Arma Senkrah (born Arma Levretta Harkness, 6 June 1864 – 3 September 1900) was an American violinist who performed in Europe. Her short career ended in marriage and then suicide.

Some time in the 1880s after her professional career in Europe began, her first name began to be attributed as Anna. There is no evidence to support this name; Anna was likely a misreading of Arma.

== Early life and education ==
Harkness was born in Williamson, New York, and she showed prodigious musical talents very early in life. When she was 3 years old, her family moved to Boston, where her father L. B. Harkness started a newspaper stand. At a very young age, Harkness studied violin and piano under her mother. She began violin lessons at age 5, and at age 7 began two years of study at the Boston Conservatory of Music under Julius Eichberg.

At age 9, Harkness then left to study in Europe, accompanied by her mother. She had intended to study with Ferdinand David, who died just before she arrived. From 1873 to 1875 she studied instead with Arno Hilf in Leipzig; during this time she met Otto von Bismarck who was enamored of her playing. Harkness went to Bremen in early 1876 and met Henryk Wieniawski, who encouraged her to continue her studies, so she and her mother went to Paris in hopes of finding more instruction.

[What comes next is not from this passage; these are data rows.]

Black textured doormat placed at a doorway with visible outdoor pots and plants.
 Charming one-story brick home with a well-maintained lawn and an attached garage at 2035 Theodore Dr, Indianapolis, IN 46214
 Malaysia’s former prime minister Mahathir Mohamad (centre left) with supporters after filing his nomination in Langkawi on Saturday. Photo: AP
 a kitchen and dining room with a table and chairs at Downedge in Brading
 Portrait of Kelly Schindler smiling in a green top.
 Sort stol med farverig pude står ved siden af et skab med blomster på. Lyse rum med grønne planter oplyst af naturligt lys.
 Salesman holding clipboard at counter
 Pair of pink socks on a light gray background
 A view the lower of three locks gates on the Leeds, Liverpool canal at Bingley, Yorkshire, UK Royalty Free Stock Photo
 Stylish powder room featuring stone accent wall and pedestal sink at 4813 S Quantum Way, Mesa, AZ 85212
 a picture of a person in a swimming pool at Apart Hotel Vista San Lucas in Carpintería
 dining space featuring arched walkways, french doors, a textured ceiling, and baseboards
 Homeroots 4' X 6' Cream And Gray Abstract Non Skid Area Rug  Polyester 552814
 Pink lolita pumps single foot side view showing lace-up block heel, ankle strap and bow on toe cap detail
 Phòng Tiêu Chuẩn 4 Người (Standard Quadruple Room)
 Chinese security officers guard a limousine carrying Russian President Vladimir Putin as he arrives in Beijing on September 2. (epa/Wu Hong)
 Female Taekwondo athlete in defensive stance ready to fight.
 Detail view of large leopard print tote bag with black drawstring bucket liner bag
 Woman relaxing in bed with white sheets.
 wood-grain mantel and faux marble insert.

They called upon Jean-Delphin Alard in hopes of private instruction. When he heard her play, he instantly arranged for her to be examined and interviewed for entrance to the Conservatoire de Paris for the term that had just begun three days prior. She matriculated and studied there for five years, under Lambert Massart and Charles Dancla. Rival orchestra leaders Édouard Colonne and Jules Pasdeloup vied for her talents.

During this time in Paris her reputation grew rapidly. Vieuxtemps would call upon her when visiting Paris, she performed at Rosine Laborde's soirees, and she played to the public at the 1878 Paris Exposition's concerts in Trocadéro Palace. In 1880 she won the conservatory's 2nd prize playing Pierre Rode's first concerto. An enthusiastic review in La Liberté said: "What purity of tone! What style! What marvellous skill! Her running staccati are surprisingly uniform. The enthusiastic demonstrations lasted until the end of the concerto. Next year Miss Harkness will surely obtain the first prize; it is a recompense she has a right to expect."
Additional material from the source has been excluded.